En el objeto de uso la forma pone de manifiesto que ha sido fabricado, pero no dice nada del fabricante, el cual viene a ser el medio abstracto por el cual una idea se ha realizado en un objeto que continúa siendo abstracto; ¿no es este acaso el amargo destino del obrero industrial? Ya lo era del hombre prehistórico que tallaba el sílex: no hay nada tan conmovedor como esas piedras que nos aportan desde el origen de los tiempos el signo de un trabajo humano. Y sin embargo ¿qué nos dicen de aquel hombre que las convirtió en el primer útil? Solo nos dan su presencia. 25Por el contrario, las pinturas rupestres de Altamira nos dicen algo acerca del hombre maravillado y profundo que las dibujó en la pared. Pero ¿qué es lo que nos dicen, de hecho? Nos permiten acceder al mundo en el que han vivido. Será esta presencia viva del artista en la obra, incomparable a la presencia anónima del obrero en su «obra», esta humanidad profunda del objeto estético, lo que deberá intentarse describir.

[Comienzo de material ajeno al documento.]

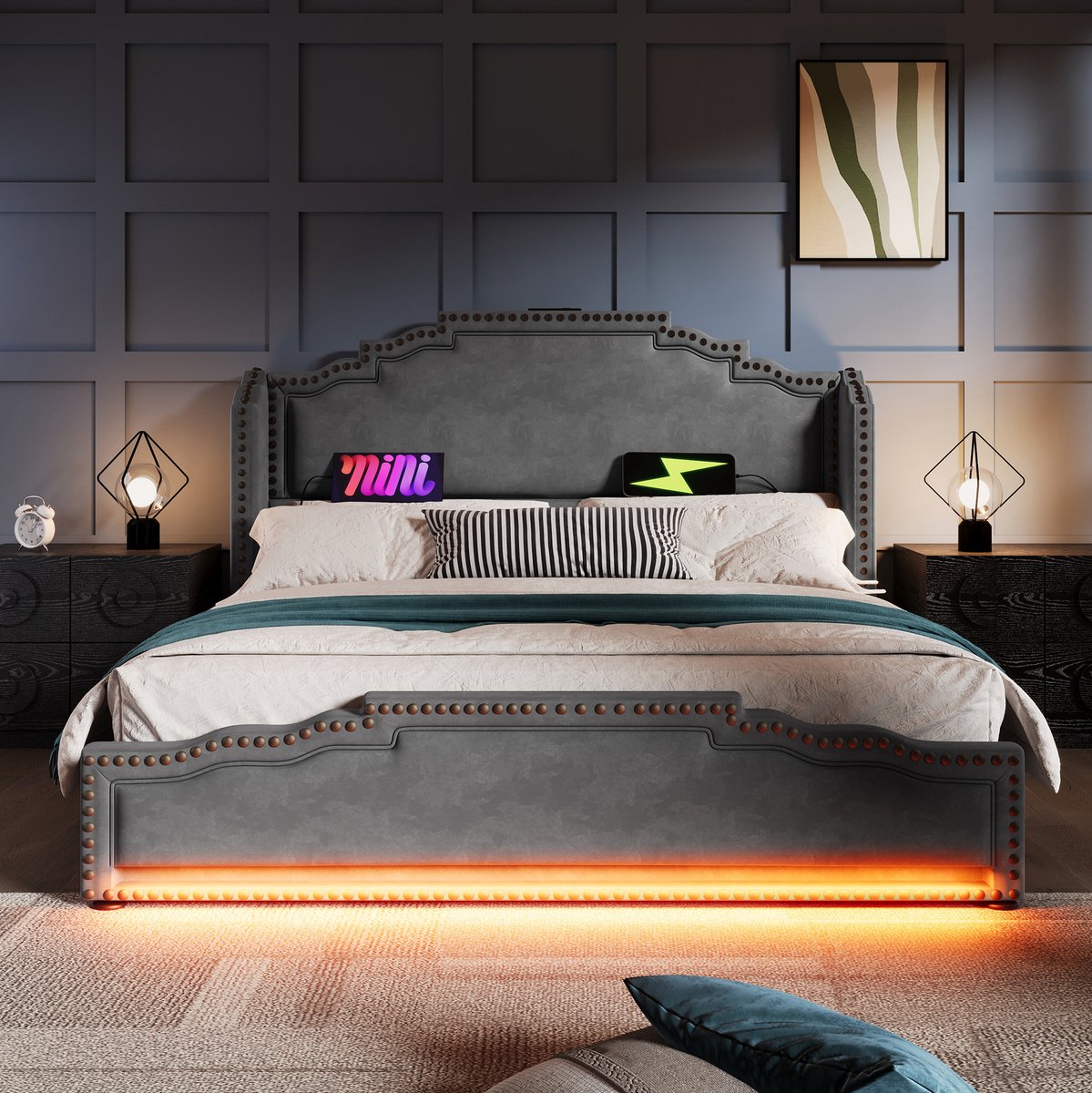 Polsterbed 180x200 cm Met 4 Lades En Ledverlichting Met Usb C Oplaadpunt Tweepersoonsbed Velours Grijs Zonder Matras
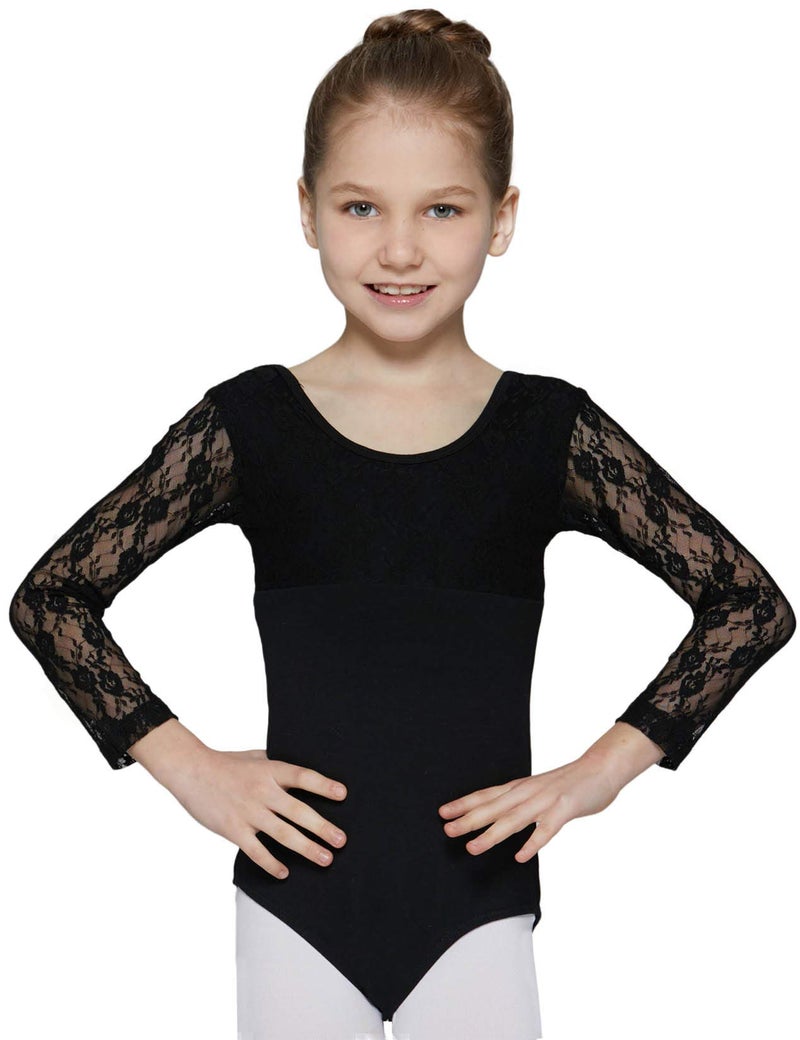 MdnMd Black Gymnastic Ballet Dance Lace Leotard for Girls Toddler Bodysuit Long Sleeve (Black, Age 4-6 / 4t,5t) - Image 1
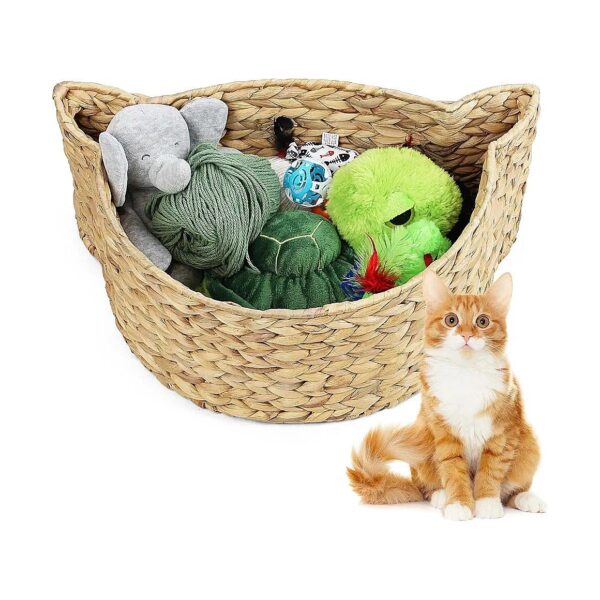 Woven Cat Head Storage Basket for Pet Bedding and Treat Storage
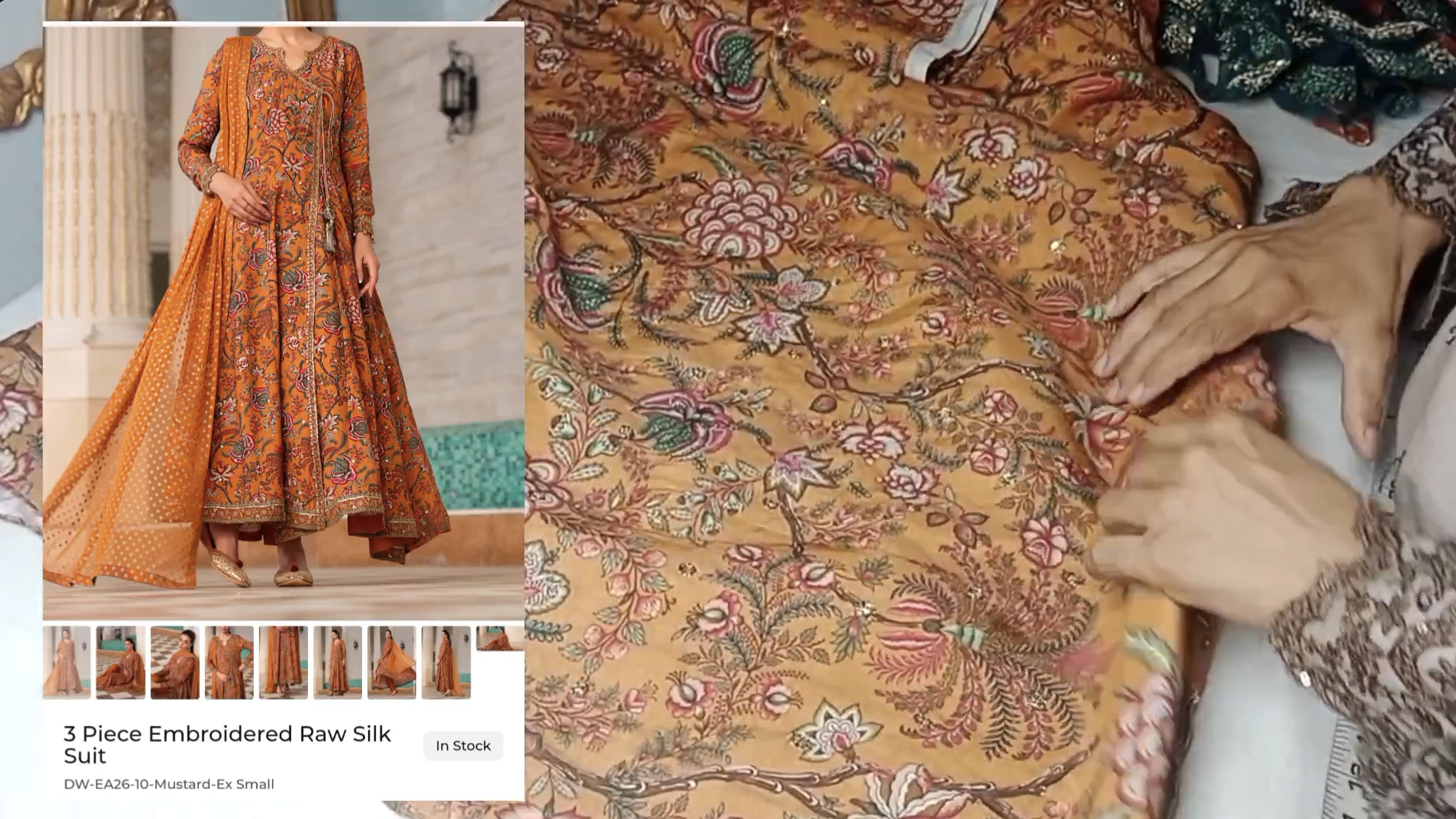 3 Piece Embroidered Raw Silk Anarkali Suit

Dediquemos un poco del espacio que de por sí merece a este vasto problema de las relaciones de la obra y del autor, tanto más cuanto que un cierto equívoco siempre puede persistir ya que estas conexiones pueden concebirse de dos maneras. O bien de una obra dada, si por casualidad conocemos el autor, podemos intentar explicar a través de este autor la creación y la naturaleza de la obra, con lo que el autor se convierte para la obra un principio de explicación dado que es conocido independientemente de ella y como exterior a ella misma. La explicación va así del autor a la obra. O bien se considera la obra en sí misma y se va de la obra al autor. Aquí radica precisamente la virtualidad del objeto estético: no explica sino que muestra al autor; no da acerca de él, a no ser por casualidad, el tipo de informaciones que pueden espigarse por otros medios y que el historiador recopila, sino que nos pone directamente en comunicación con él, nos aporta una presencia que la historia no sabría dar, revela una faceta que la historia no podría reconstruir. Es, pues, este segundo recurso el que hay que describir, estando además implicado en la experiencia estética como está, mientras que el primer camino supone, por el contrario, que se renuncie al menos provisionalmente a esta experiencia para buscar por otros medios las informaciones. Pero además tenemos una segunda razón para privilegiar el segundo camino, un doble motivo según que nos interroguemos por el objeto estético o por el autor. Si se trata del objeto, no puede ser enteramente explicado por el autor: la verdad de la obra está en la obra y no en las circunstancias de la creación o en el proyecto que la preside; ¿o acaso no es caer de Escila en Caribdis el querer aprehender el ser del objeto en el ser del proyecto? ¿Existe por ventura un ser de este proyecto, es decir de la obra antes de la obra? Ya hemos evocado estas dificultades a propósito de la ejecución de la obra; mas ahora estamos tratando del autor. Ahora bien, así como el mismo objeto estético nos informa sobre sí, o al menos acerca de aquello que en él hay de estético, así también nos instruye sobre el autor, o al menos nos da de él una imagen irreemplazable: al igual que hay una verdad del objeto que se da en la percepción y es irreductible a cualquier explicación, también existe una verdad del autor presente en la obra e irreductible a la historia, y que incluso la misma historia debería tener en cuenta.